Pat grinned, shaking his head.
"
A few more seconds, Andrew."

The forward column of Bantag already out on the middle of the bridge stood and began to surge forward, squeezing around the destroyed section of bridging by leaping over to the side of the bridge carrying the train tracks. The bridge for nearly two hundred yards of its length was packed with the dark-uniformed Horde, who were screaming wildly.

The head of the column was down to less than 150 yards from the western shore. A scattering of rifle fire from men still in the trenches was cutting into them, but as quickly as a warrior dropped another leapt forward, gaining five or ten more feet, while on the eastern end of the bridge the pressure continued to build as yet more warriors swarmed onto the bridge.

"All right, give it to them!" Pat roared.

The engineering officer picked up a second wire and touched it to the battery.

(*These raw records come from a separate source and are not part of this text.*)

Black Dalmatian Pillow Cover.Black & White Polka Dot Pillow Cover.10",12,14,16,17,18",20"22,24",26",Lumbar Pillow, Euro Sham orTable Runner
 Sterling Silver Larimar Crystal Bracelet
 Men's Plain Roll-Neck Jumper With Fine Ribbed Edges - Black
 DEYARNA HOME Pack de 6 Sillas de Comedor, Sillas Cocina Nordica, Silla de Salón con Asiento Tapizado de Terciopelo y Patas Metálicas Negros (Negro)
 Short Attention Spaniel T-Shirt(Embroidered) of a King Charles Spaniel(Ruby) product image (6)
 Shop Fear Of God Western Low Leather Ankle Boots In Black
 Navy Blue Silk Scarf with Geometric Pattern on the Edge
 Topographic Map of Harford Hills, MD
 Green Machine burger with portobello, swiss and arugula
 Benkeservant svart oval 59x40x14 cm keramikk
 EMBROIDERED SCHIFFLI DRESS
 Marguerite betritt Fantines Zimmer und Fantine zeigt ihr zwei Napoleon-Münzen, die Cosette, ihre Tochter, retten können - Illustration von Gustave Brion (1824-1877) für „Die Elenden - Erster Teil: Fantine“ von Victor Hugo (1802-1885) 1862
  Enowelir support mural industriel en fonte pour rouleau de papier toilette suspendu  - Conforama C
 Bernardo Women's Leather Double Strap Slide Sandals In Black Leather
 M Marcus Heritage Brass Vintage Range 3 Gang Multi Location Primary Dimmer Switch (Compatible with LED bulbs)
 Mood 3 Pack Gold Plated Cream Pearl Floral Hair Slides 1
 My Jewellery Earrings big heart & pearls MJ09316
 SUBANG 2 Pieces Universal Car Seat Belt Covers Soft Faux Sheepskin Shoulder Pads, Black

An explosion started on the eastern bank, dropping a section, then raced down the entire length of the bridge. Pilings were sheared in half, crossbeams exploded into splinters, the deck of the bridge erupted into flames as barrels of kerosene and benzene strapped directly under the bridge flooring burst into fireballs that soared heavenward.

To Andrew it seemed as if a thousand voices were joined together in a single cry of terror and unspeakable pain. Even though they were the enemy, he felt a surge of pity as the attacking column was consumed in fire as they plummeted into the river, burning, crushed by tree-sized timbers, or blown apart by the force of the explosions.